Friday, December 6, 2013

I've got a lot to be thankful for...

Our beautiful Thanksgiving table

It's the time of year when I begin to look at my life and reflect. Not only on the past year, but my life in general. I think about my friends and family, I think about my job, I think about my past and my future. And I think about food. Yes, food. Who doesn't think about food when it comes to the holiday season? You're lying to yourself if you claim you don't.

I have to admit that Thanksgiving dinner (or lunch, or whole-day meal, whatever you want to call it- and don't forget about the left overs) is my favorite meal of the entire year. And it is interesting because I never really knew why, until 2 weeks ago. Yes, it's great to be surrounded by family and friends, but this post isn't about the mushy part of Thanksgiving, it's about the FOOD. I learned that Thanksgiving food is the best because: 1. You really eat it any other time of the year, but you could, 2. There is just so much to choose from, and 3. Carbs. And cheese. And more carbs. I realized that Thanksgiving food is unique because you really eat a TON of carbs and cheese (which I love, by the way). If I have anything to say about it, if there is something that could remotely be considered healthy served at Thanksgiving, you've done it wrong. Broccoli? Throw some cheese on that shiz! Green beans? Sugar, salt and bacon please! Turkey? What's turkey without gravy?

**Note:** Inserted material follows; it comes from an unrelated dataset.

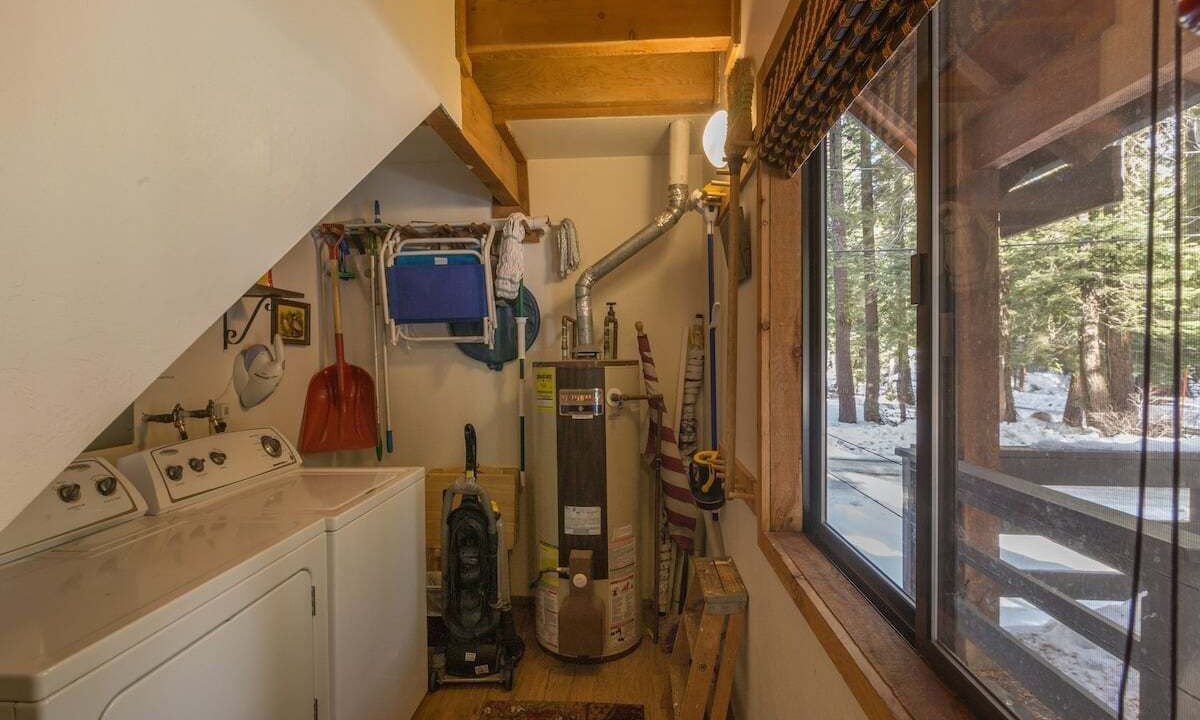 Photo of Others in Tahoe Pines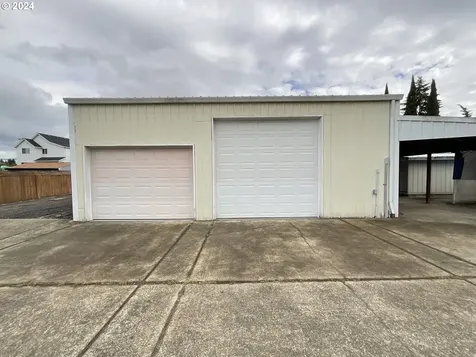 1300 Gales Creek Road Forest Grove OR 97116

A Thanksgiving toast- no judging on the brand!

But when you live in a country that you struggle to find things that you need for all your yummy homemade recipes, cooking for Thanksgiving can become-- interesting. I remember Skyping with my family once and they asked me what my friends and I would do. I told them we were planning on a pot-luck style dinner. When they asked about the turkey, I told them it is REALLY difficult, and expensive, to find turkey in this country, so we were planning on getting chicken. Do you plan on roasting it yourself? Seeing as we have VERY limited oven space, we will probably just walk down the the corner and get one out of the trucks. Apparently this isn't a normal response in America (it seemed totally normal, and logical to me at the time). I then had to explain that there are several trucks/cars that park on the street, open the back, and it is a full blown rotisserie! And the chickens look and smell delicious! Even though I was totally serious at the time, we ended up not getting a out-of-the-back-of-a-truck chicken, just a normal chicken from the store. Already roasted.

Chicken

Thanksgiving took a little more planning than I thought. I knew exactly what I was going to make. Broccoli and cheese casserole. My absolute favorite casserole. But when you can't find cream of celery soup, nor Velveeta cheese, it becomes a little difficult. OK, I'll do a different casserole. Cream of mushroom is at Costco. FOR $20 for a few cans. No dice. OK, then I'll have to do something else. I'd been put in charge of vegetables, so Adrienne and I decided to take a stroll to our local market and bought random veggies- zucchini, broccoli, corn, peppers. So I asked my parents and asked what I could throw together with what I had. It seemed like I was missing at least one ingredient for all the recipes they were suggesting. So I got online, chose 2 random recipes and decided to try to combine them.

When recipes go wrong

Goal: Yummy stuffed Zucchini. I had 4 halves of zucchini, peppers, garlic, sausage (technically beer and cheese bratwurst but you deal with what you have), cream cheese, onion, Ritz and Parmesan. So I just randomly threw stuff together. All 4 were different. 2 had cream cheese, the other 2 had Ritz and Parmesan on top. Some had bell peppers, some had garlic salt, some had Italian herb seasoning. I had no clue how they would taste, but it was a shot. So I baked them up, and headed over to Kaleena's to cook the rest of the veggies closer to cooking time (there was also an incident where Adrienne decided to launch one of my zucchinis across the street, therefore we had one zucchini with a little less filling).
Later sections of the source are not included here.